O auditor costuma solicitar políticas e procedimentos formalizados, AIR documentada com histórico de revisões, registros de KYC e cadastro, logs de alertas e análises com justificativa de encerramento, comunicações ao Coaf com comprovante de envio via SISCOAF, registros de treinamento, atas de comitês de compliance e relatórios de auditorias anteriores com evidência de correção dos achados. Os prazos de retenção detalhados para cada tipo de evidência aparecem na tabela acima. Para comunicações ao Coaf, o prazo mínimo é de 5 anos, com possibilidade de ampliação pela autoridade competente.
Qual a diferença entre auditoria interna e externa de PLD/FT?
A auditoria interna é conduzida por área independente dentro da própria instituição e atua como terceira linha de defesa, com foco em avaliação contínua dos controles. A auditoria externa é conduzida por agente independente e tem foco em asseguração e credibilidade das informações para o mercado e reguladores. As diferenças de escopo e de atuação aparecem detalhadas na seção sobre modalidades de auditoria.
O que é matriz de achados de auditoria?
A matriz de achados é uma ferramenta que lista os resultados da auditoria, classifica cada item por criticidade, identifica a causa raiz e estrutura um plano de ação com responsáveis, prazos e evidências de correção. Essa matriz funciona como artefato central do reporte de auditoria e deve ser acompanhada em ciclos subsequentes para confirmar que cada achado foi encerrado com evidência retestada.
Como funciona a auditoria de PLD/FT para Instituições de Pagamento?
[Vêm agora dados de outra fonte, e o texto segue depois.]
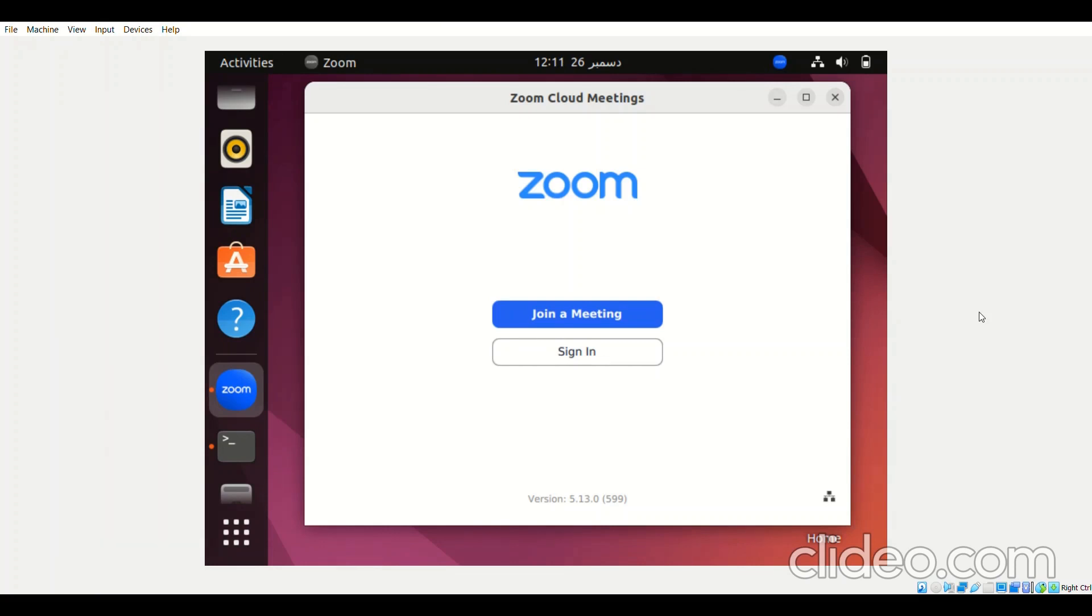So this is how the interface of Zoom looks like on Ubuntu 22.04 system. You can simply join a meeting by providing its link and passcode or you can either sign in if you have an account and then you can proceed with using this application on your system.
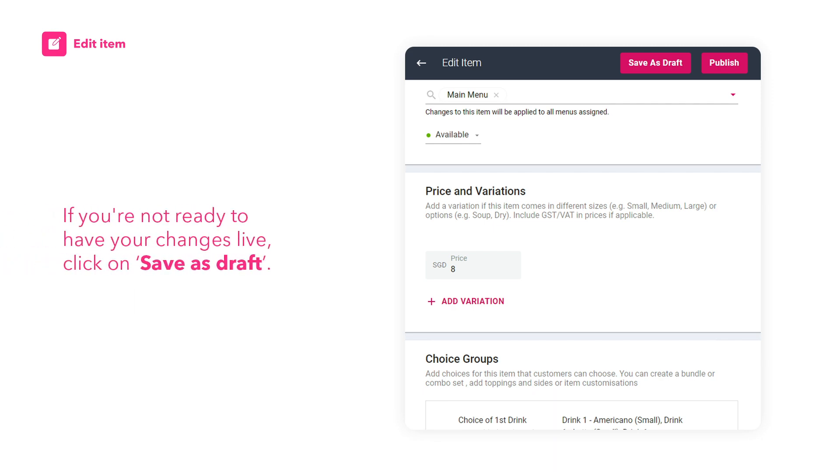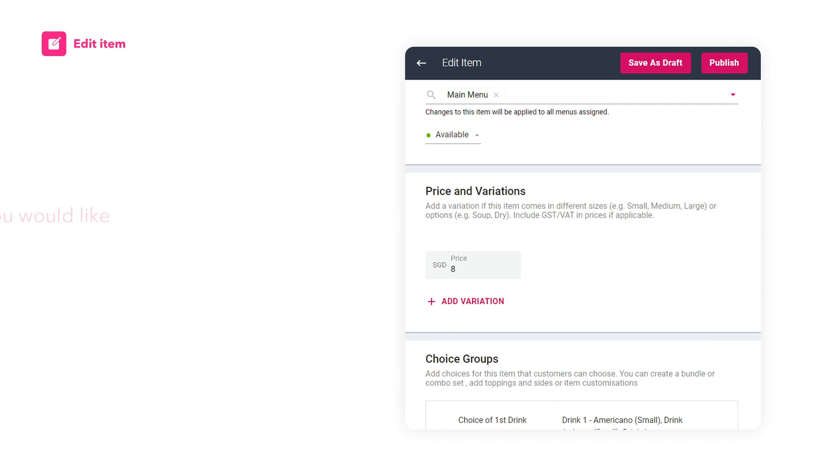If you're not ready to have your changes live, click on save as draft. If you would like to submit your item, click on publish.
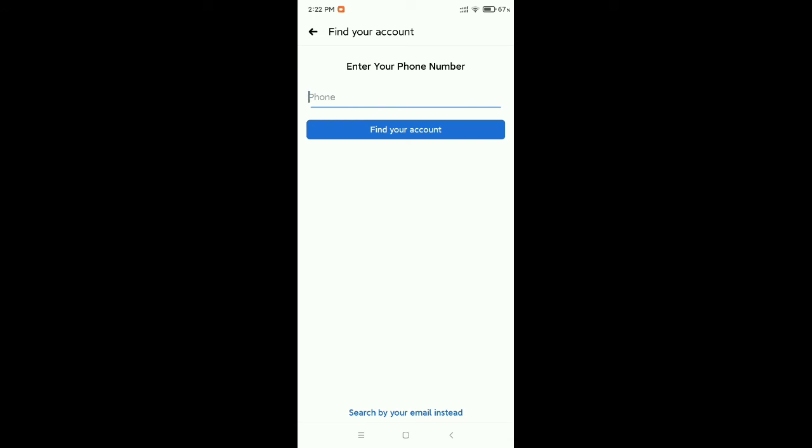After you type your phone number, you will get a verification code on your mobile phone by SMS. You just copy this pin number from your mobile, then you type this pin number on your Facebook and you can open your Facebook account.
Para IPs, a auditoria segue a Circular BCB 3.978/2020, com foco em KYC, monitoramento de transações, incluindo Pix em tempo real, comunicações ao Coaf e governança do programa. O Bacen exige que os PSP demonstrem efetividade dos controles e não apenas a existência formal de procedimentos. O auditor testa a calibração das regras de monitoramento, a taxa de conversão de alertas em comunicações ao Coaf e a integridade dos logs de decisão, verificando que nenhum alerta foi apagado e que todos foram encerrados com decisão e justificativa documentada.
Qual o papel do treinamento no programa de auditoria de PLD/FT?
O treinamento funciona como evidência de conformidade. A auditoria verifica se o programa de capacitação é periódico, no mínimo uma vez por ano, e se abrange todos os colaboradores da instituição, além de prestadores de serviços relevantes, parceiros e terceirizados, quando aplicável. Também verifica se os registros de conteúdo, carga horária e lista de presença estão documentados. No âmbito da Resolução CVM 50, a ausência de evidências de que os processos de PLD/FT descritos na política realmente acontecem, incluindo os treinamentos, é tratada pelo regulador como política inexistente e pode levar à abertura de processo sancionador.
Conclusão: o ciclo de auditoria como processo permanente de governança
A auditoria de PLD/FT funciona como processo permanente de governança. Cada etapa, do mapeamento de fluxos ao reteste de achados, gera evidências que sustentam a posição da instituição perante o Bacen, o Coaf, a CVM e a SUSEP. A infraestrutura tecnológica que automatiza compliance, relatórios regulatórios e monitoramento de alertas torna esse ciclo contínuo e defensável.